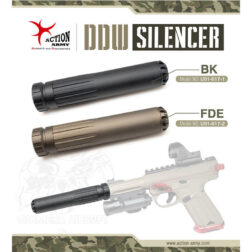 Silenciador DDW para AAP-01 Assassin Action Army - - Imagen 3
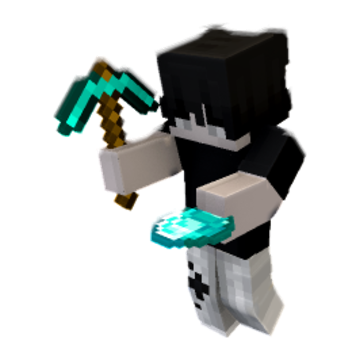 DIAMONDSSS - Minecraft pose by zyrexxx | Perfect for thumbnails and renders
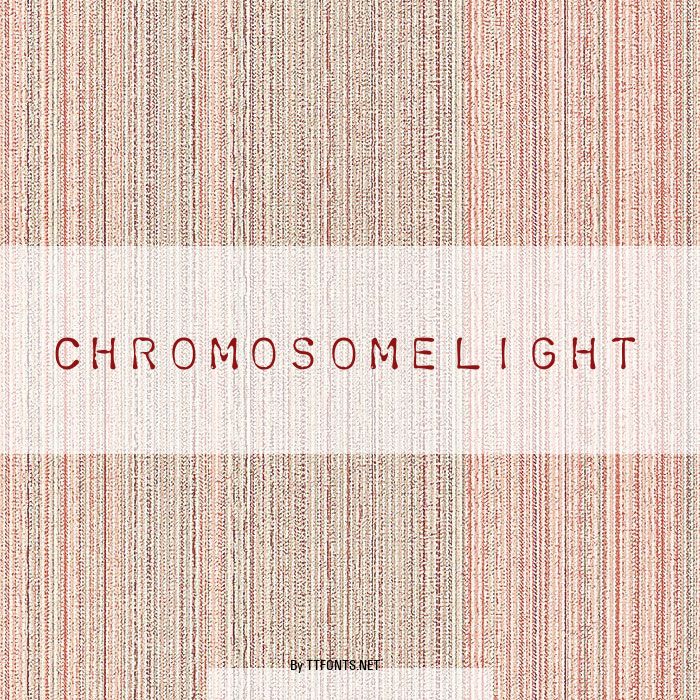 ChromosomeLight example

→ **Work request**: Return all the lines above exactly; none of the pictures should appear.

→ **Solution to the problem**:
 Silenciador DDW para AAP-01 Assassin Action Army - - Imagen 3
 DIAMONDSSS - Minecraft pose by zyrexxx | Perfect for thumbnails and renders
 ChromosomeLight example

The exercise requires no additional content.